__Task to carry out__: The lines running from the one that contains "SARO Lifestyle Lot" to the end of the records below are what to reproduce, exactly and without pictures.

==== Record excerpts ====

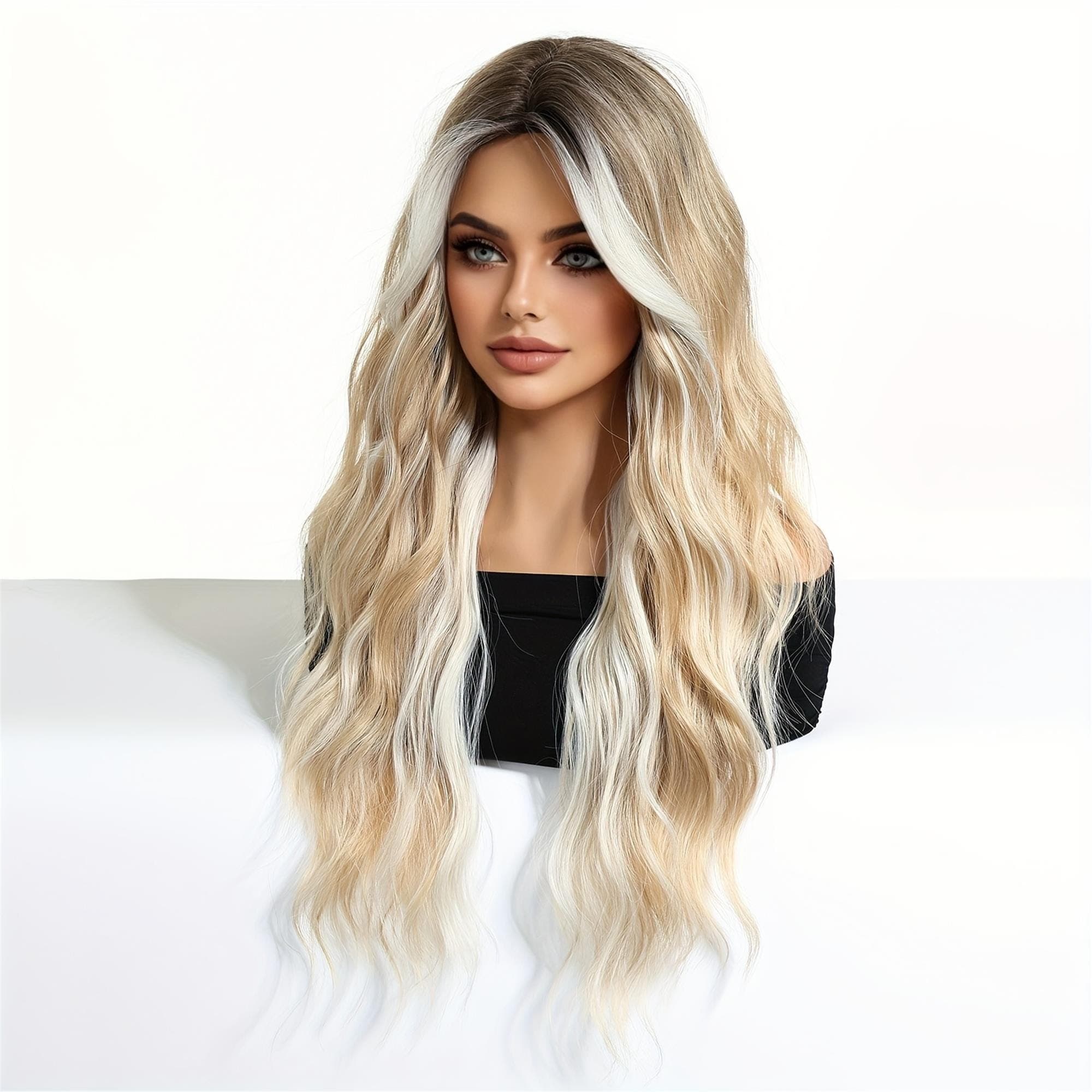 26" Long Curly Wig with Bangs - Natural-Looking Volume Waves 26 inches!! - Thumbnail 3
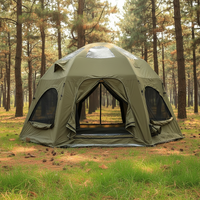 Tente de camping gonflable imperméable de 25 m² pour quatre saisons, grand espace pour dormir en extérieur, abri privé, design surélevé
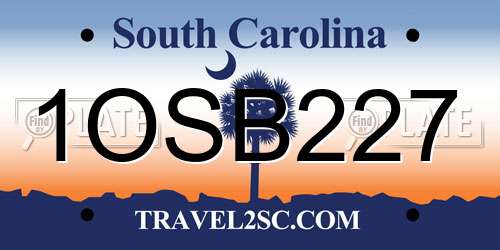 1OSB227 South Carolina License Plate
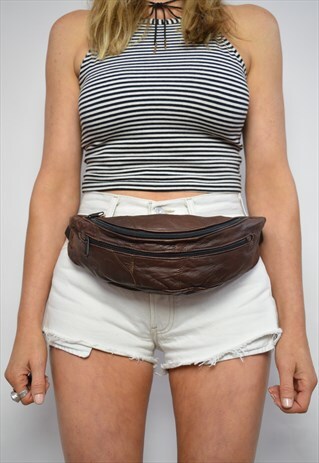 VINTAGE 90S BROWN LEATHER BUM BAG FANNY PACK GRUNGE RETRO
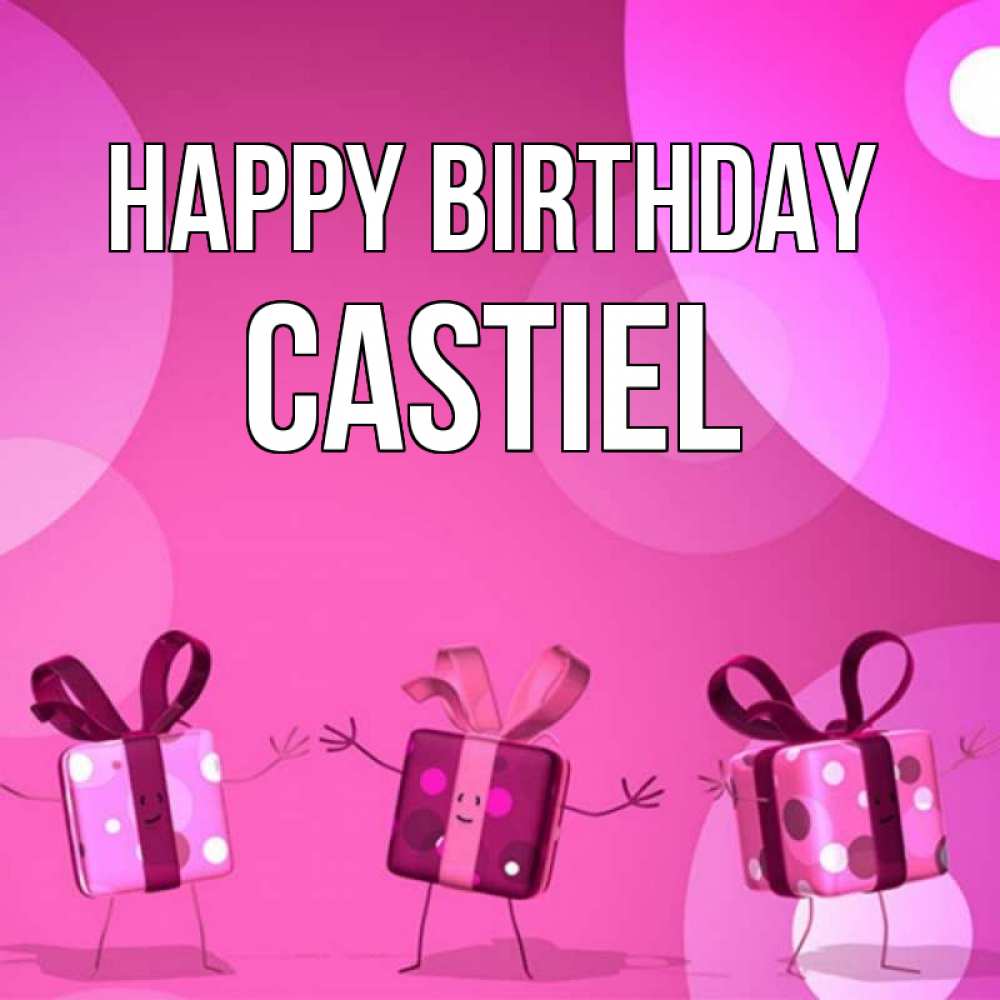 Greetings card с именем, Castiel Happy Birthday подарки с ножкам Greetings with text for free download 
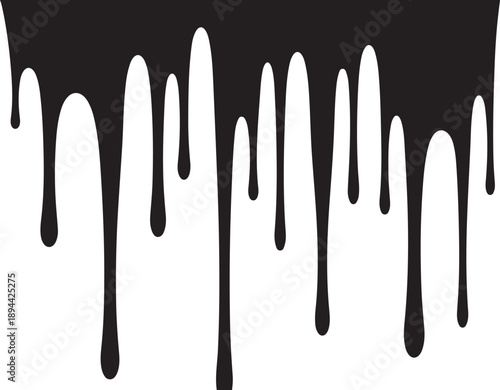 Black paint drips on white background in abstract design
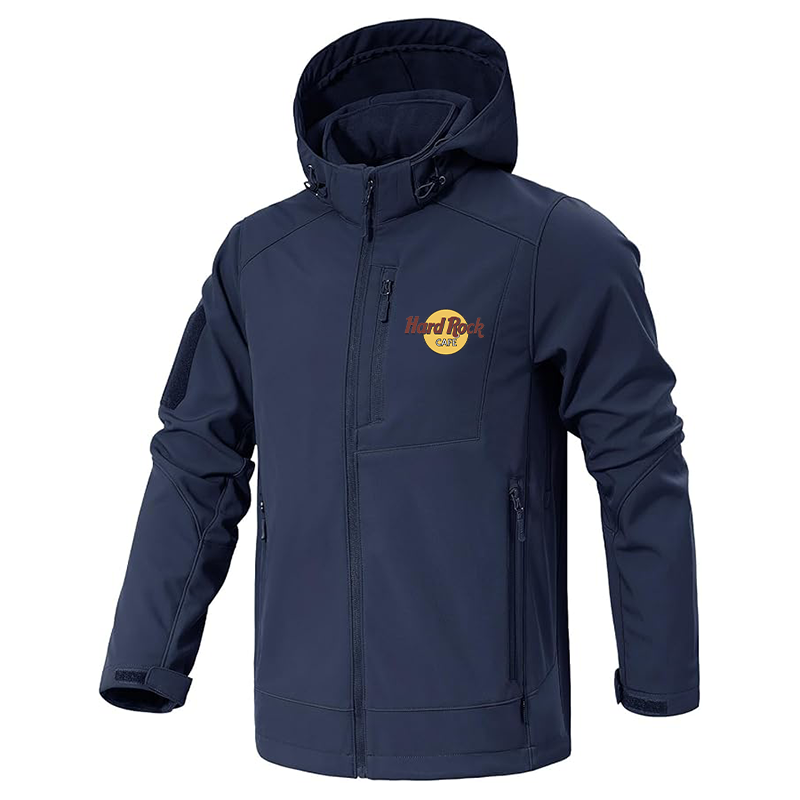 Men's Hard Rock Cafe Jacket Waterproof Hooded Coats Tactical Soft Shell Jackets
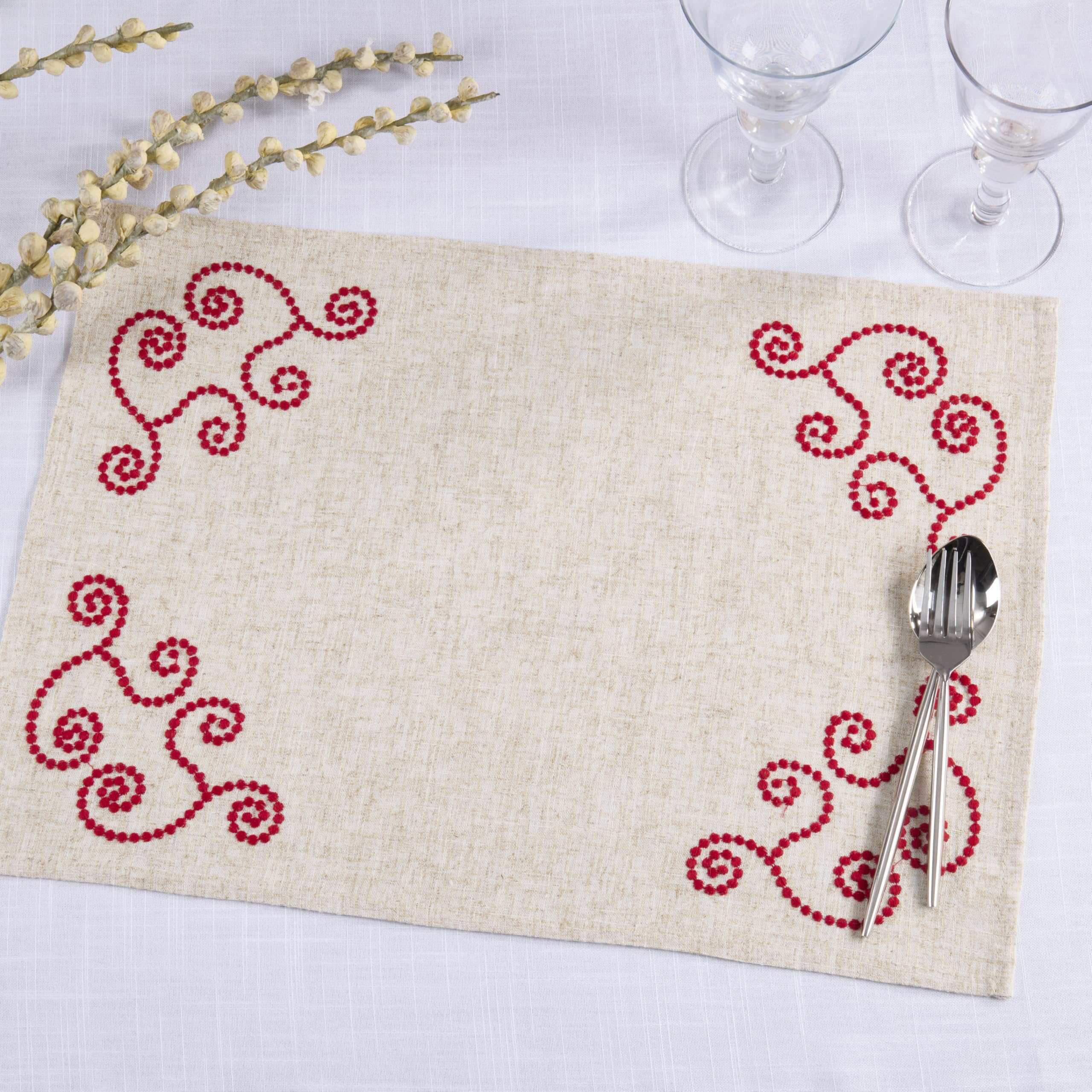 SARO Lifestyle Lot de 4 Sets de Table brodés en Lin mélangé – Sets de Table décoratifs de Ferme avec Broderie d'angle pour Salle à Manger Quotidienne, Tables de Cuisine et Divertissement décontracté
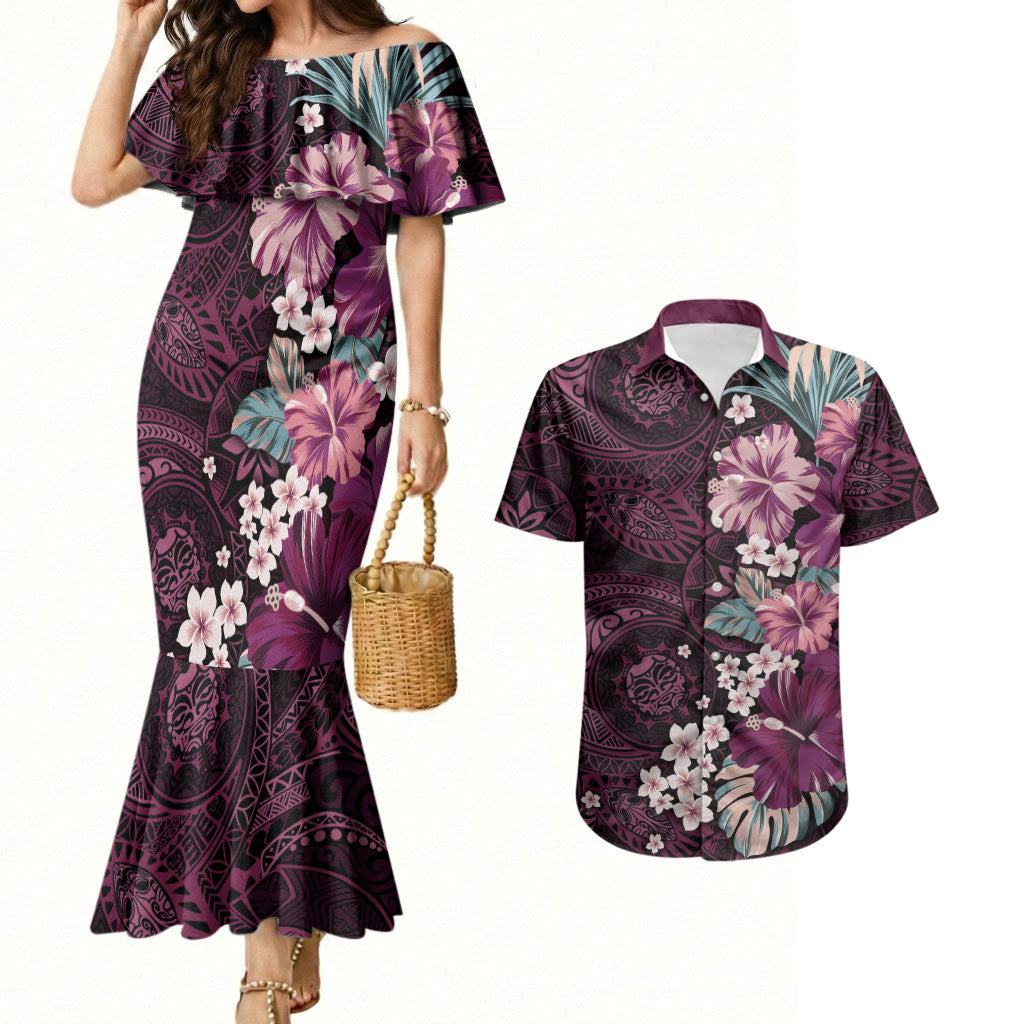 Poni Mama Hawai'i Hibiscus Couples Matching Mermaid Dress and Hawaiian Shirt Polynesian Tribal Tattoo Pattern Floral Elements LT9 Pink - Polynesian Pride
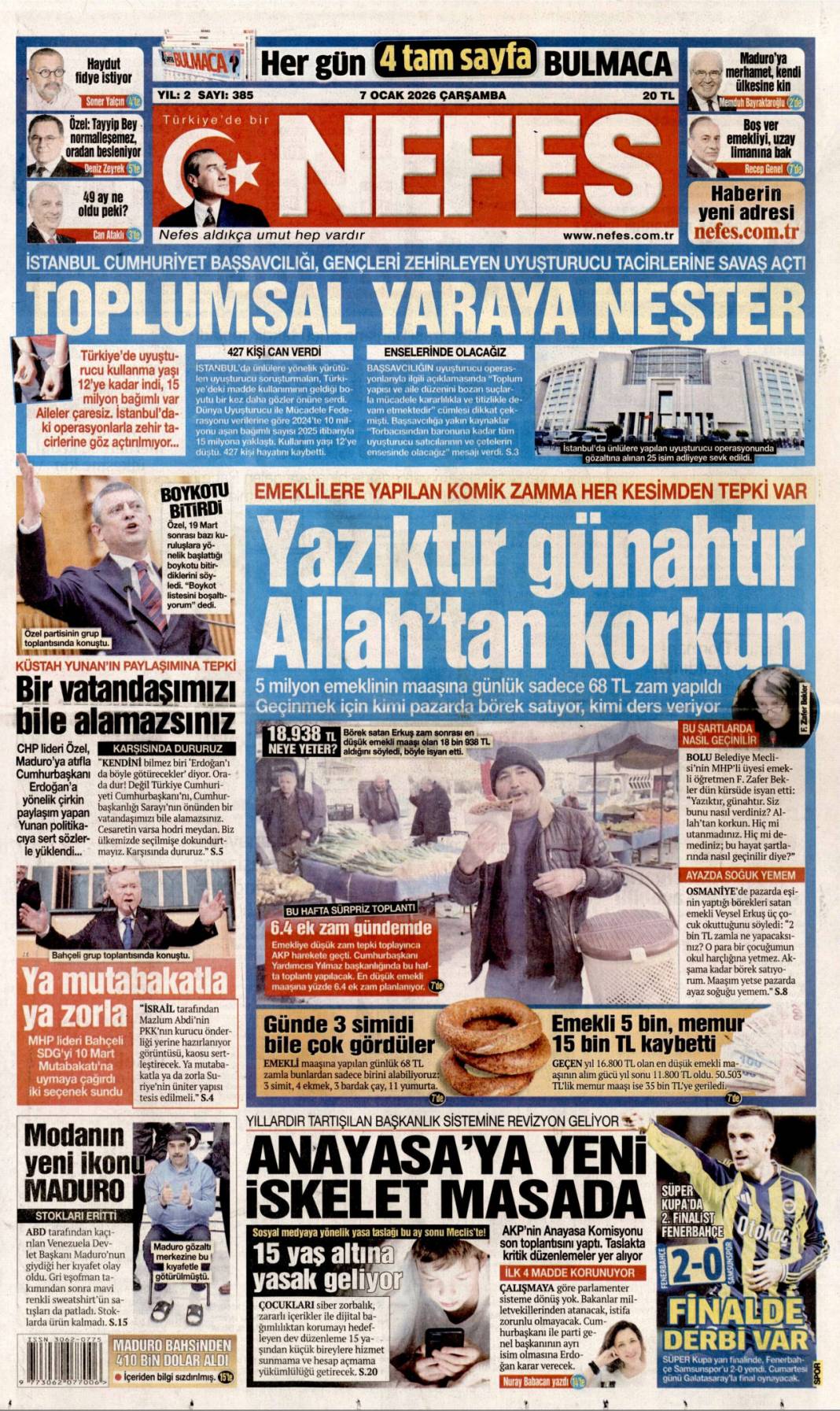 Gençlere 5 destek: 7 Ocak 2026 Çarşamba güncel gazete manşetleri 20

====

__Answer box__:
 SARO Lifestyle Lot de 4 Sets de Table brodés en Lin mélangé – Sets de Table décoratifs de Ferme avec Broderie d'angle pour Salle à Manger Quotidienne, Tables de Cuisine et Divertissement décontracté
 Poni Mama Hawai'i Hibiscus Couples Matching Mermaid Dress and Hawaiian Shirt Polynesian Tribal Tattoo Pattern Floral Elements LT9 Pink - Polynesian Pride
 Gençlere 5 destek: 7 Ocak 2026 Çarşamba güncel gazete manşetleri 20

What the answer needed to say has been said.